Earl Ofari Hutchinson

The surprising thing about U.S. Attorney General Eric Holder’s tale of being pulled over twice as a college student driving on the New Jersey Turnpike and again as a federal prosecutor in Washington D.C. at a convention of Al Sharpton’s National Action Network last April was that there was no surprise about it. Holder as a college student or Holder as a federal prosecutor was not immune from the harassment, targeting, possible arrest, and even in some cases violence while walking or driving while black. Tragically, this was not the case with Ezell Ford in Los Angeles or Michael Brown in Ferguson, Missouri. Though separated by 2,000 miles, both men had three things in common with Holder the student. They were young, black and male. They were not accused of any crimes. Yet they were still stopped and slain by police officers.

Their slayings proved what Holder and legions of other blacks know. That is that racial profiling might kill. There’s the astounding report that nearly 30 black males have been killed by police or security guards the last two years.

Nearly all were unarmed. There is no conclusive proof that the young men were killed solely because they were black. But the irrefutable fact is that they were black, and countless studies and surveys of police and public attitudes show that young black males are far more likely to be stopped, searched and arrested than white males. It’s at times only a short step from that to a deadly altercation.
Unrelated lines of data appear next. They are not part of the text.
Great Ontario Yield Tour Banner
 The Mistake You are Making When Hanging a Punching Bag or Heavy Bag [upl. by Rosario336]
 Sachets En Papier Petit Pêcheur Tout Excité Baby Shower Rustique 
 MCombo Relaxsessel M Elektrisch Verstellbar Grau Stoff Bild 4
In Ferguson, a study based on police statistics found that in 2013 while African-American drivers make up a little less than two-thirds of the driving-age population in the city, they made up nearly 90 percent of all traffic stops. They were almost twice as likely to be searched as whites and twice as likely to be arrested even though police found no weapons or drugs on them. An ACLU study found that blacks were likely to be stopped, searched and arrested in nearly every category of crime than whites. The LAPD has tried several approaches to root out racial profiling from mediation to dialogue sessions to intense sensitivity training of officers. But the hard reality is that despite hundreds of complaints of racial profiling received by the LAPD almost none have been sustained.

Many police officials hotly deny that racial profiling exists. Yet they have no credible answer to two crucial questions about these stops. One is that the overwhelming majority of stops result in no arrests, or even citations. And no weapons or drugs are found. New York City has continually topped the list of big city police departments that make the highest number of unwarranted street stops. A study of the city’s study and frisk policy shows that only a small fraction of those persons stopped were arrested. The studies also found a comparable low number of arrests in relation to the high number of street stops in every other city. The other troubling and largely unanswered question is why many of those who have been stopped have been prominent black and Latino professionals, business leaders, and even some state legislators and House representatives as was the case with Holder? The susceptibility of even celebrated black men to be hauled off when there’s even the slightest suspicion, mistaken or otherwise, of criminal wrongdoing has left many police officials red-faced with embarrassment when they realized their goof.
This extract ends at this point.